Three Real Workflows
Workflow 1: Rebuild Relief — Customer Intake (Notion + Airtable Hybrid)
Rebuild Relief (insurance claim assessments) uses Notion for process documentation (step-by-step claim assessment, photo requirements) and Airtable for lightweight customer tracking (name, claim number, assessment status). Non-technical staff uses both. Notion is the source-of-truth for "how do we assess hail damage?"; Airtable is the "who are we assessing today?" dashboard. Airtable automations send Slack notifications when a claim is submitted. No Supabase needed because the team is non-technical and data volume is < 5K claims/month. Cost: $10 (Notion) + $50 (Airtable, small team) = $60/month. If claims scaled to 50/month and the team grew, a Supabase migration would be next. For now, this hybrid is pragmatic.
Workflow 2: Aidxn Design — Project Tracker (Supabase)
Aidxn Design uses Supabase for internal project management. Schema: Projects (name, client, budget, deadline), Tasks (assigned to, status, due), and Team (email, role). A Next.js dashboard displays projects in a Kanban (todo, in-progress, done), with task assignment and comments. Real-time sync means when Aiden updates a task status, the team sees it instantly. Row-level security: team members see their tasks, managers see all. Postgres functions auto-calculate project margin (budget - actual hours). Cost: $25/month. At scale (100 team members, 10K projects), cost is still $25/month (plus maybe $50 for compute/bandwidth). For a 5-person team, this setup is overkill (Notion would work), but Aidxn has the engineering chops and cares about ownership. Verdict: Supabase is worth it here.
Workflow 3: Fortune 500 Sales Ops (Supabase at Scale)
A 100-person sales team tracking $50M in pipeline cannot use Airtable (cost would be $3,000/month). They deploy Supabase (Postgres) + a custom Next.js dashboard. Schema: Accounts (customer company), Opportunities (deals), Contact (people), and Activities (calls, emails). RLS ensures reps see only their accounts. A sales manager dashboard rolls up by region. Real-time alerts notify the team when a deal stages up. Postgres full-text search lets reps find customers by name instantly. Machine learning (Postgres + Python edge functions) scores leads by propensity to close. Cost: $300/month (Supabase Pro + extra database capacity). Compare to Salesforce ($250/seat, 100 people = $25K/month). Supabase is 100× cheaper and you own the data. For enterprise, Supabase is a no-brainer.

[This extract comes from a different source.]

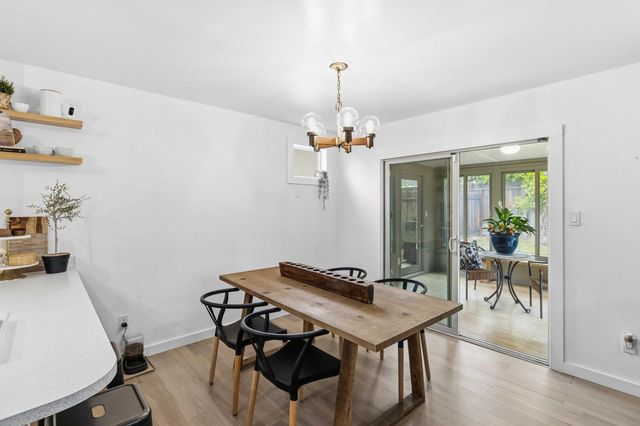 7242 Arutas Dr, North Highlands, CA 95660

Building a Supabase Internal Tool in 2 Hours
If you choose Supabase, here's the starter template. Create a Postgres table (team contacts). Build a Next.js form to add/edit. Deploy to Vercel. Schema: CREATE TABLE contacts (id bigint PRIMARY KEY, name text, email text, role text, created_at timestamp); Next.js page with React Hook Form + Supabase client: fetch contacts on mount, submit new entries via insert(), display in a table, delete via update(). Real-time: add Supabase websockets listener (onInsert/onUpdate) to re-fetch. RLS policy: users see only their own entries (WHERE contact.user_id = auth.uid()). Deploy to Vercel: env vars for SUPABASE_URL and SUPABASE_KEY, done. That's a functional internal tool in a day. Templates and starter kits are available at Aidxn Design or open-source tools like AdminJS (auto-generates admin UI from Postgres schema). For teams needing just CRUD, AdminJS saves days.
Six FAQs
Can I migrate from Airtable to Supabase?
Yes. Export Airtable as CSV, import to Postgres, build a Next.js UI that mirrors the Airtable layout (table, filters, sorting). Takes a weekend for < 100K rows. For 1M+ rows, plan a week (validation, performance tuning).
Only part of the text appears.